System 200 comprises a processor 250 and a non-transitory machine readable storing medium 210, which may be analogous in many respects to the processor 120 and the medium 110, respectively. The non-transitory machine readable storing medium 210 comprises instructions to receive GQL query 211; instructions to transform GQL query into representation of abstract syntactic structure of GQL query 212; instructions to select a first available unanalyzed element and determine whether it is either a node, an edge or an operation 213; instructions to translate a node into a SQL node entity 214; instructions to translate an operation into a SQL operation 215; instructions to translate an edge into a SQL relationship entity 216; instructions to check whether an edge contains nested structures 217; instructions to extract a unique leaf of the edge and translate it into a SQL relationship 218; instructions to check whether a nested structured edge contains untranslated leaves 219; instructions to translate the first untranslated leaf into a SQL sub-relationship entity 220; instructions to intersect a plurality of SQL sub-relationships entities into a SQL relationship entity 221; instructions to check whether the representation of the abstract syntactic structure of the GQL query has a second unanalyzed element 222; instructions to assemble the operation set, the RDBMS tables or columns, and the sequence of RDBMS joins between tables into an SQL query response 223; and instructions to send the SQL query to a RDBMS 224; and/or other instructions to translate a GQL query into a SQL query. Instructions 212, 213, and 223 may be analogous in many respects to instructions 111, 112, and 114 respectively. In the implementation shown in
The instructions 211, when executed by the processor 250, may cause the processor 250 to receive the GQL query.

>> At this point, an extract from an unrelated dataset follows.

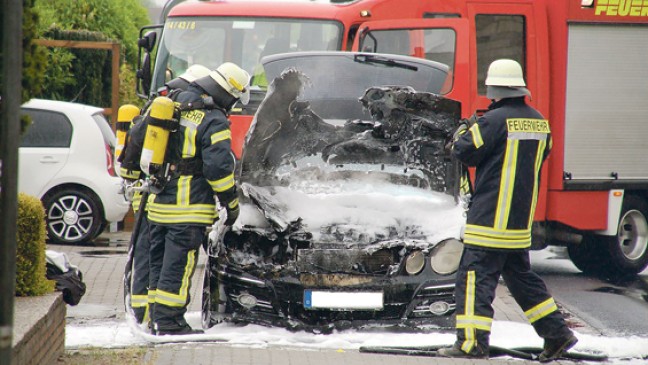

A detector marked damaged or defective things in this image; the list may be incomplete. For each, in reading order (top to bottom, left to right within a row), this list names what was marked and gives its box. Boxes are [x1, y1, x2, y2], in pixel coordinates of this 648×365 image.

burned car [202, 52, 466, 332]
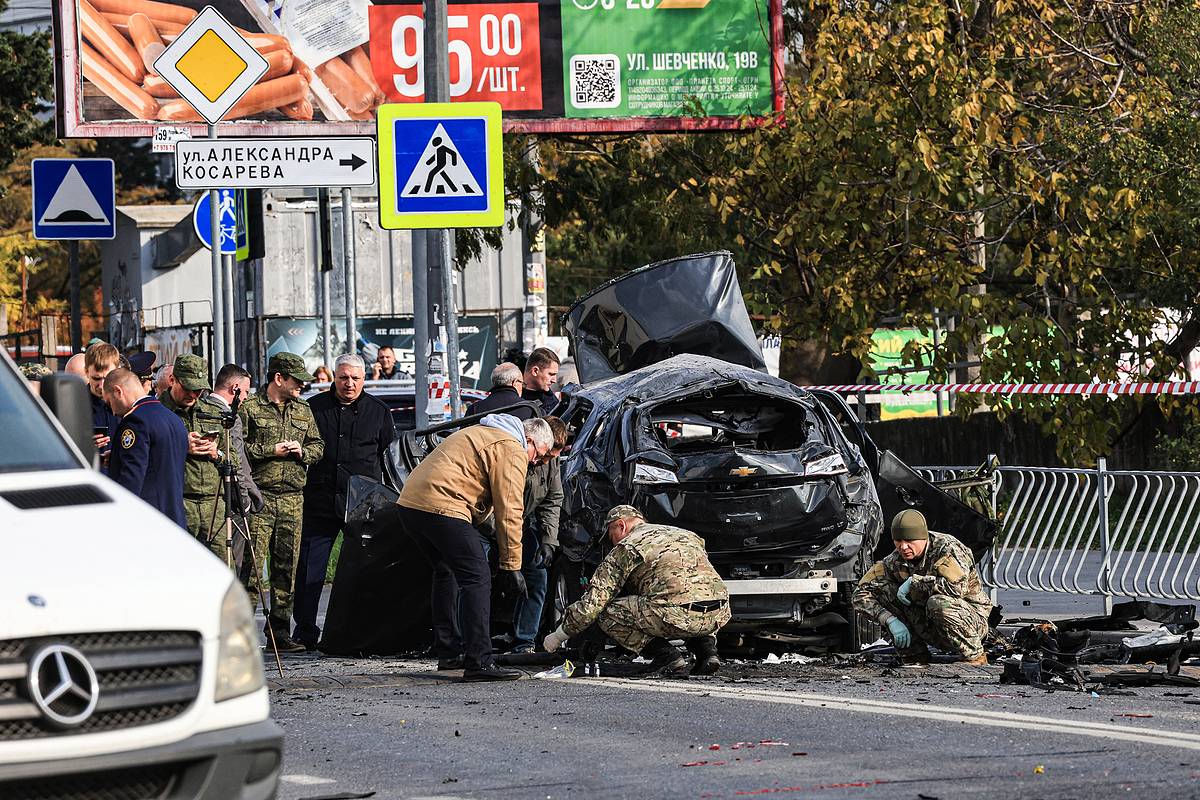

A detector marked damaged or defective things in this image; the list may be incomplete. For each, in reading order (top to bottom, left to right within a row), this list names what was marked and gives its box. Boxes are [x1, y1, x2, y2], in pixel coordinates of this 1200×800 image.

wrecked car [316, 251, 993, 657]
crumpled metal panel [564, 253, 768, 383]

The instructions 212, when executed by the processor 250, may cause the processor 250 to transform the GQL query into a representation of abstract syntactic structure of GQL query. For example, the GQL query may be transformed into an AST using a Parser module.
The instructions 213, when executed by the processor 250, may cause the processor 250 to select a first unanalyzed element (e.g. the first unanalyzed element from the AST received by the execution of instructions 212). The instructions 213, when executed by the processor 250, may further cause the processor 250 to determine whether the first available unanalyzed element from the representation of abstract syntactic structure of GQL query (e.g. the first unanalyzed element from the AST received by the execution of instructions 212) is a node, an edge or an operation. In the present illustration, the AST generated by instructions 212 may include in each code line a breakdown of the GQL query into syntax elements, including nodes, edges or operations.
Nodes are elements that the user wants to extract information from. For example nodes may include the entities of the query, or classes of objects. Nodes may be the vertex in graph theory, and therefore the fundamental units of which graphs are formed. In databases, nodes may be either tables in the database, several tables in the database or a segment of a table in a database due to restrictions. For example in the query “How many computers have been sold by the company in the United States?”; “computers”, “the company”, and “the United States” may be nodes. As described herein, edges may be the relationships between the nodes in the query. Edges may be the relationships between vertices in graph theory. In database language, edges may be how database tables are linked together in order to answer the query. For example, in the query “How many computers have been sold by the company in the United States?”; “sold” may be an edge.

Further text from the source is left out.